パリからやってきたボードビル一座をこっそりみた少年チェーホフはボードビルの虜になる。モスクワ大学医学部に入学した青年チェーホフはボードビルを書き始めるが、世間のほめことばに合わせて「ブンガクブンガクした小説」を書くようになった。
モスクワ郊外メリホヴァに広大な領地を手に入れた壮年チェーホフは、最下級役人、14等官の遺書から人間にとっての笑いの重要性を発見する。

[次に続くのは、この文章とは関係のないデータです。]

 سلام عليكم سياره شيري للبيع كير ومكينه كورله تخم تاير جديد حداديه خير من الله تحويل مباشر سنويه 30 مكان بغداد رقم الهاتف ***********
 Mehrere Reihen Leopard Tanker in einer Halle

「ひとはもともとあらかじめその内側に苦しみをそなえて生まれ落ちるのです。けれども笑いはちがいます。笑いというものは(略)ひとが自分の手で自分の外側でつくり出して、たがいに分け合い、持ち合うしかありません。」
壮年チェーホフは短編小説の名手として名をなしたが何か物足りない。
「少年時代のあの夢はどこへ消えてしまったんだろう」
「カモメ」「ワーニャ伯父さん」の大成功で劇作家としても有名になったチェーホフは女優オリガのアドバイスもあり、ボードビルとして「三人姉妹」を書く。しかし晩年チェーホフはスタニスラフスキーの演出をみて「お涙チョウダイのおセンチな抒情劇にしてしまった」と、気に入らない。
死の1年前に書いた「桜の園」の演出も「あれがぼくの『桜の園』ですか。ぼくは人生を書いているのです。うんざりするようなめそめそした生活ではありません」と散々な感想を抱いた。
失意のなかでも晩年チェーホフは、肺結核が腸へ転移した発作に対し「笑えばおさまる」「いつもの物真似のトンプク薬ね」と、妻オリガのトルストイの物真似に二人で舞台を笑い転げる。
劇中歌「やるせない世界をすくうものはなにか(略)わらう、わらい、わらえ それがひとをすくう」。この歌詞はこの芝居の中心テーマであると同時に井上の戯曲哲学なのだと思う。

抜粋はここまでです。